Als problematisch sehe ich vor allem, dass soweit ich sehe nur ein 6/8-Pin-PCIe Stecker fest verbaut ist und der zweite (beim S 700) modular daherkommt. Wenn man nicht erkennen kann, mit welcher Schiene der feste 6/8-Pin Stecker verdrahtet ist, kann es passieren, dass man zweimal stromhungrige 8-Pin-Stecker aus einer Schiene füttert. Natürlich dürfte das durch die "dynamische Lastverteilung" (TM) kein großes Problem geben, aber irgendwie unschön ist es oder sollten die Stränge gar doch gekennzeichnet sein?



Stefan Payne schrieb:


> Persönlich find ich starke Single Rail Konfigurationen nicht sehr gut.
> Bis 30A ists ja noch OK, darüber wirds aber recht kritisch, vorallen wenn du mal 'aus versehen' irgendwas an eine Leitung steckst, das z.B. mal 30A saugt.

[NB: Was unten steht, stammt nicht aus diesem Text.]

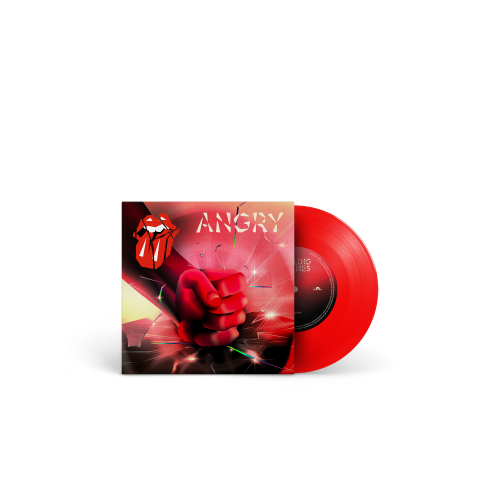 ザ・ローリング・ストーンズ / Angry【輸入盤】【UNIVERSAL MUSIC STORE限定盤】【1vinyl single】【アナログシングル】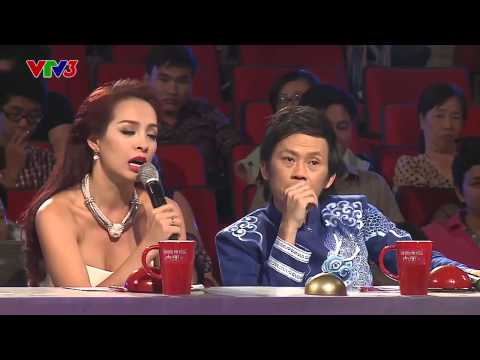 Hoài Linh thể hiện quyền lực trên showbiz của mình trong VietNam's Got Talent 2014 Tâp 1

Ich habe noch nie etwas aus Versehen an mein Netzteil angeschlossen und hätte auf Anhieb auch nichts zur Hand, das eben mal >30A zieht. Trotzdem klingt der Einwand für mich irgendwie plausibel, Sicherungen die erst jenseits von Gut und Böse greifen, sind irgendwie witzlos.



> Ist natürlich nicht sehr gut, wenn du es nicht rechtzeitig siehst/riechst/whatever...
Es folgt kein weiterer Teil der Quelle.